“Do not forget the things your eyes have seen, nor let them slip from your heart all the days of your life; rather, tell them to your children and to your children’s children.” Deuteronomy 4:9
Moses reminds the people of Israel never to forget the laws that he is passing on to them from God. They are to remember these laws and to teach them to their children, and their children’s children, so that future generations will be seen as a great nation.
Too often, the next generation has no interest in doing things in the way their parents did. It feels outdated. And there are times when this is true. But vital knowledge and understanding can also be lost when we do not look back to how things have been done in previous generations.
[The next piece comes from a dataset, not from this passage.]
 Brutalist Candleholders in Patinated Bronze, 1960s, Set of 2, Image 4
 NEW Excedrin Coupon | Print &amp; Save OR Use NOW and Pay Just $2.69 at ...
In Sierra Leone, the passing down of knowledge was disrupted by the civil war that lasted from 1991 to 2002.
And so now Sister Anthonia, a nurse, is working to teach new mothers about nutrition. She says, “We teach the mothers how to prepare locally-produced food without losing its nutrients. And then we encourage them to breastfeed from immediately after delivery to when the child is about six months old.”
This work makes a massive difference to the next generation. Amie, whose 4-year-old daughter is thriving after this nutritional advice, now hopes that Lombeh will become a doctor when she grows up.
We each have our part to play in preserving traditions that benefit us all, in finding new solutions to the challenges humanity faces where necessary, and in building a better future that can be shared by all generations to come.